> _Problem statement_
Nothing but the lines from the top of the records through the line with "Picture of Tulip" should be returned, exactly, and without pictures.
• • • • • • •
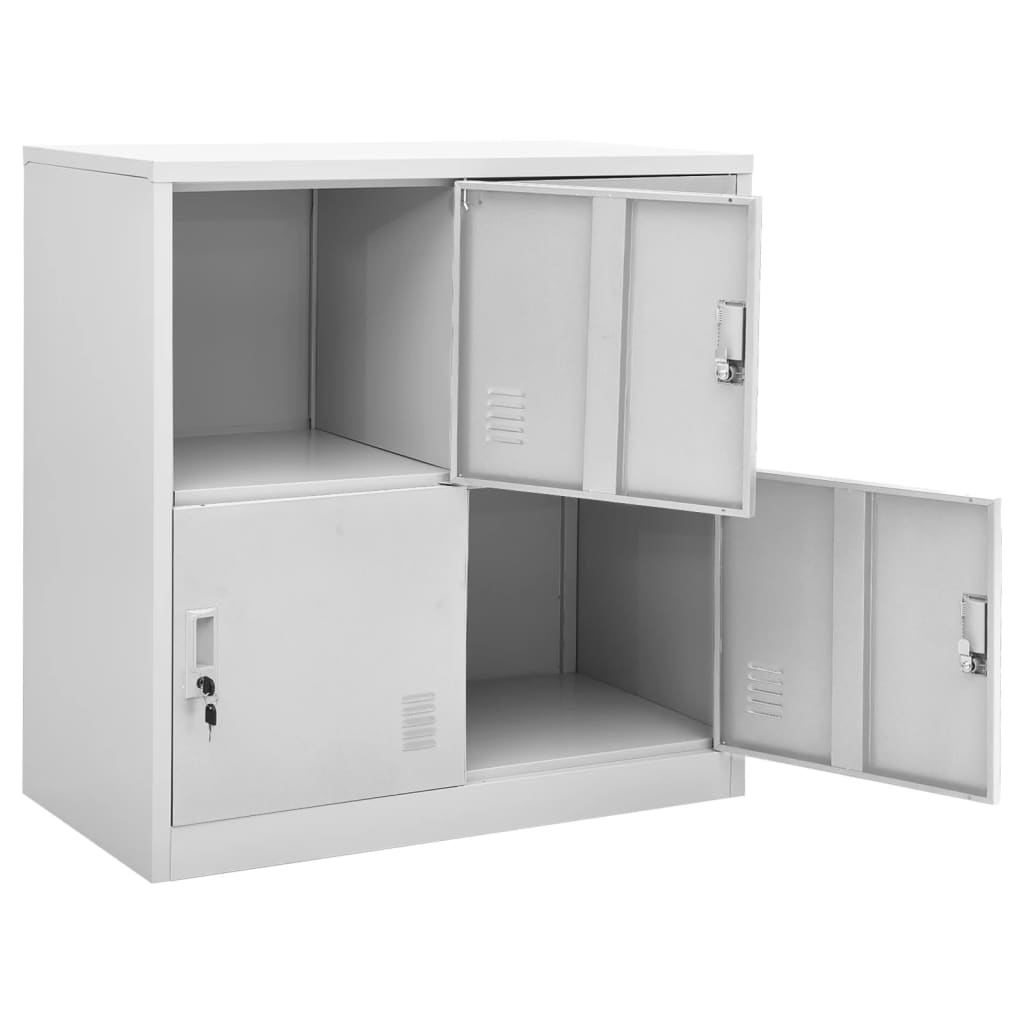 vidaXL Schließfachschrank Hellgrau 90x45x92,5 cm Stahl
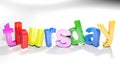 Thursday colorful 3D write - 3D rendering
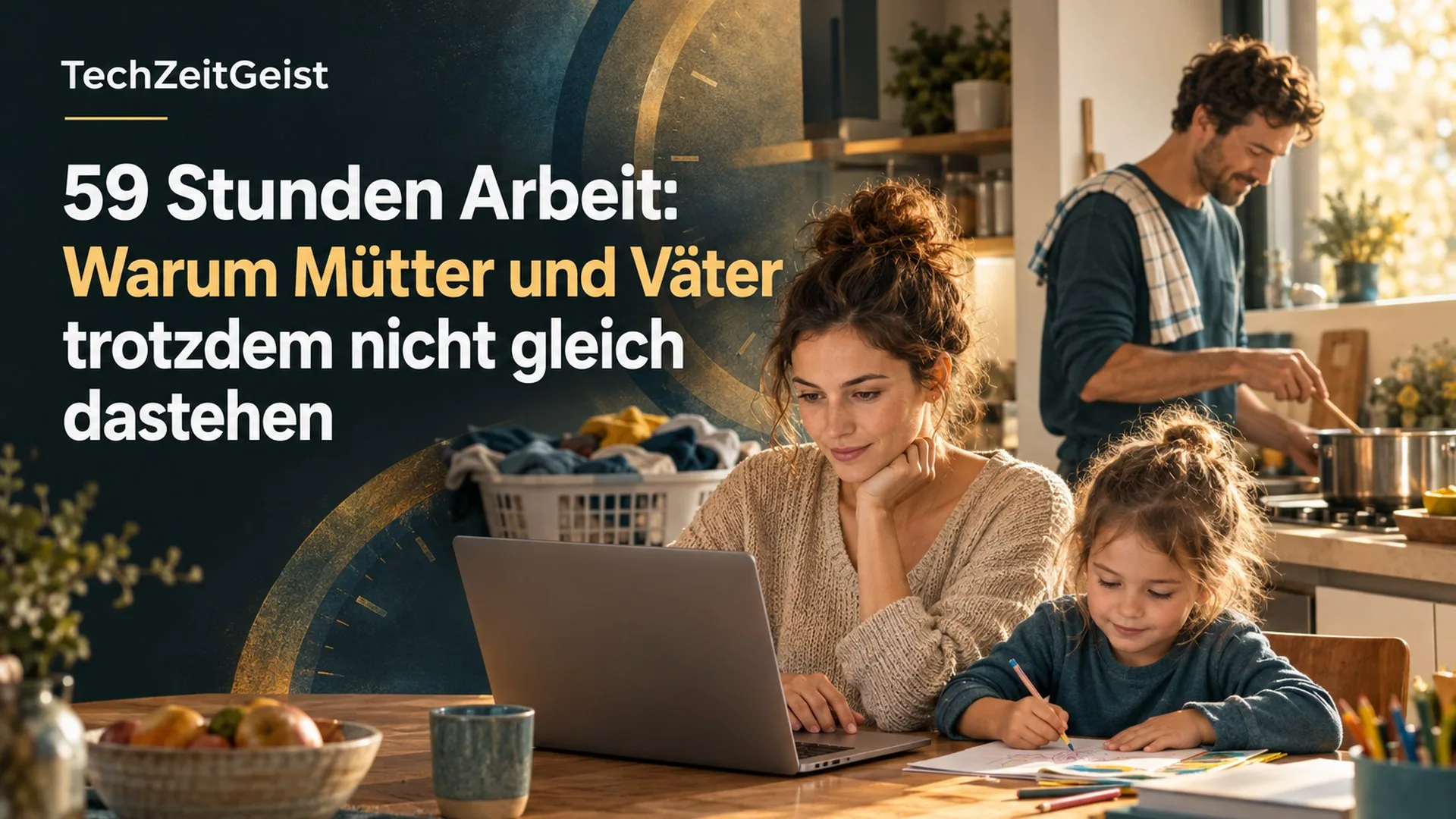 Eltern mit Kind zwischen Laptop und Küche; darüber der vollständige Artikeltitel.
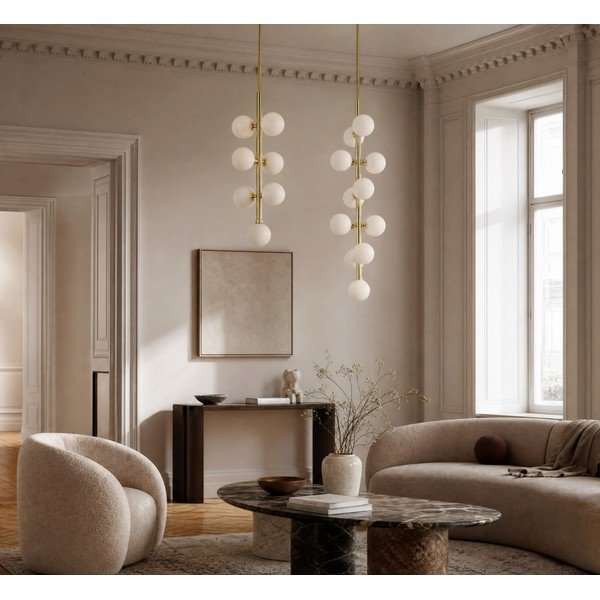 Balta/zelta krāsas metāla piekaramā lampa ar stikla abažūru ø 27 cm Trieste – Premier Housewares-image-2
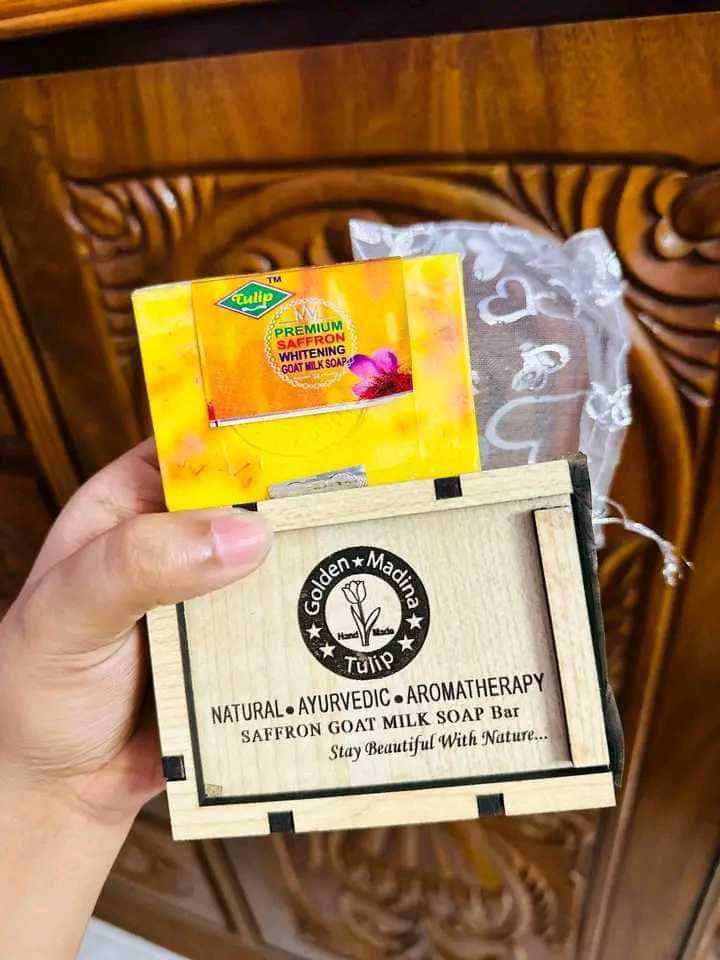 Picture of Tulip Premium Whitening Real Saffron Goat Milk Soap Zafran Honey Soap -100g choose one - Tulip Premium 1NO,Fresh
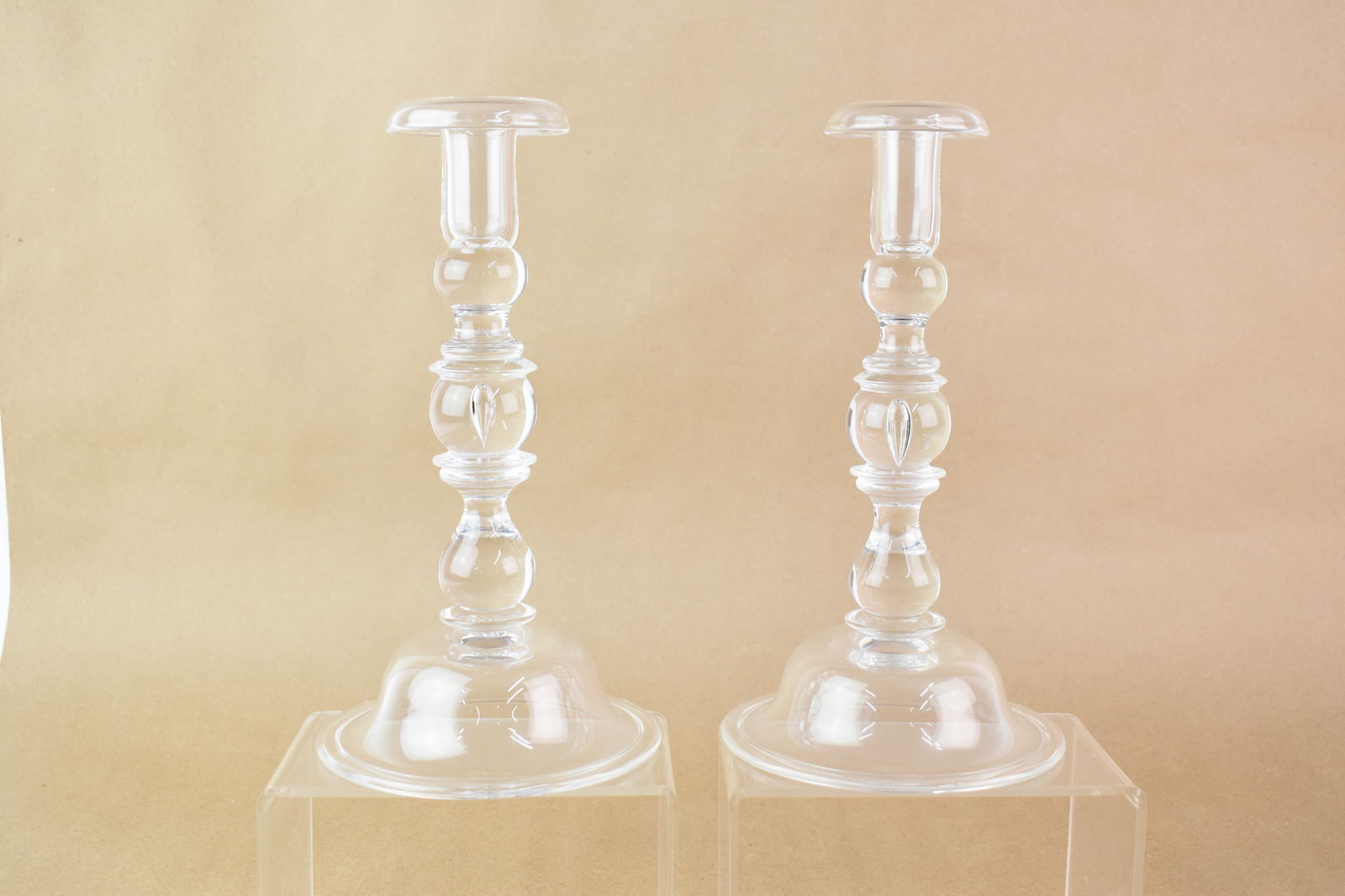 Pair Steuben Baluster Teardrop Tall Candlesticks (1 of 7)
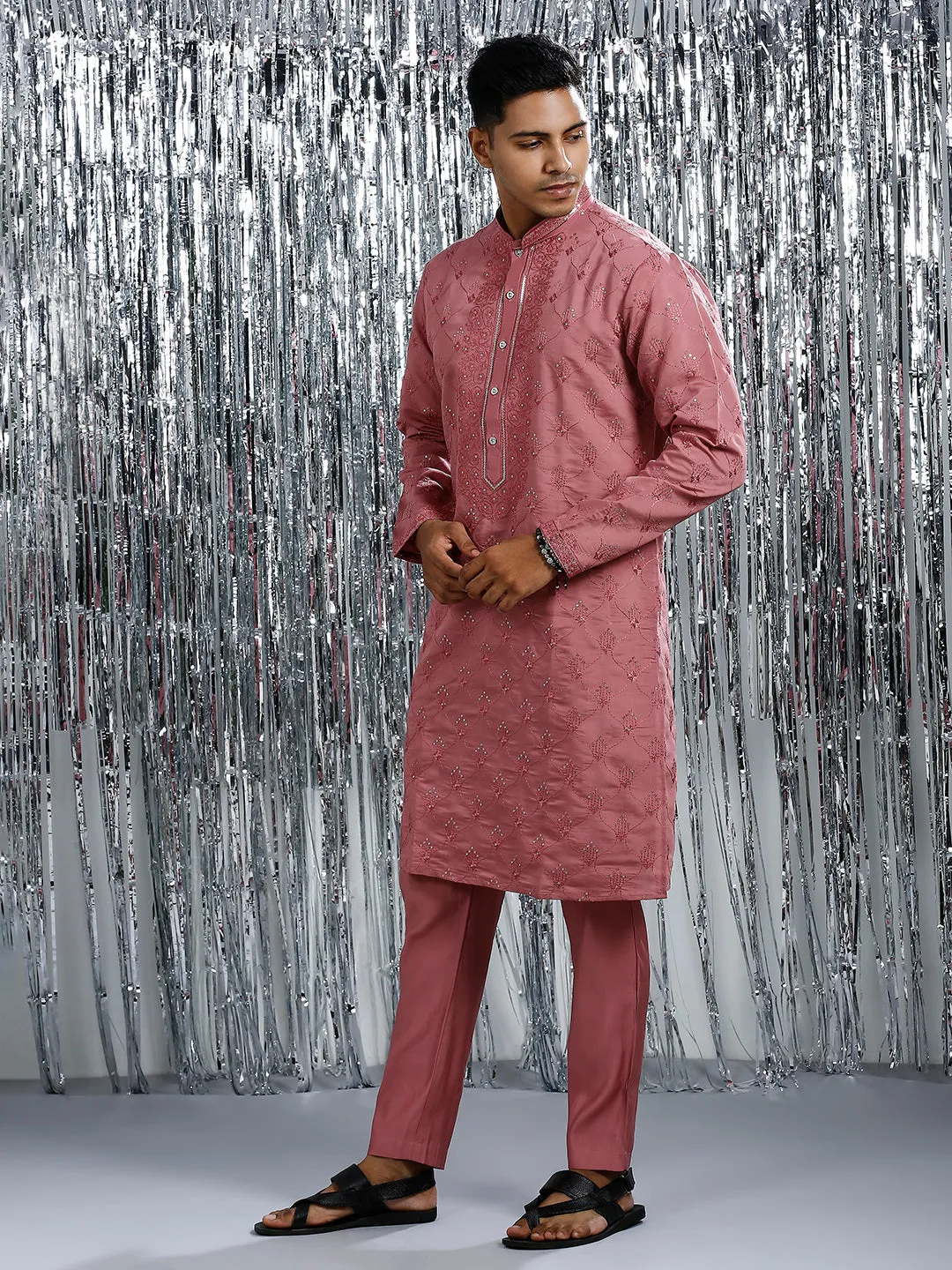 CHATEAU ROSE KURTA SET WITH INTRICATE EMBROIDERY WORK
• • • • • • •
> _Completed exercise_
 vidaXL Schließfachschrank Hellgrau 90x45x92,5 cm Stahl
 Thursday colorful 3D write - 3D rendering
 Eltern mit Kind zwischen Laptop und Küche; darüber der vollständige Artikeltitel.
 Balta/zelta krāsas metāla piekaramā lampa ar stikla abažūru ø 27 cm Trieste – Premier Housewares-image-2
 Picture of Tulip Premium Whitening Real Saffron Goat Milk Soap Zafran Honey Soap -100g choose one - Tulip Premium 1NO,Fresh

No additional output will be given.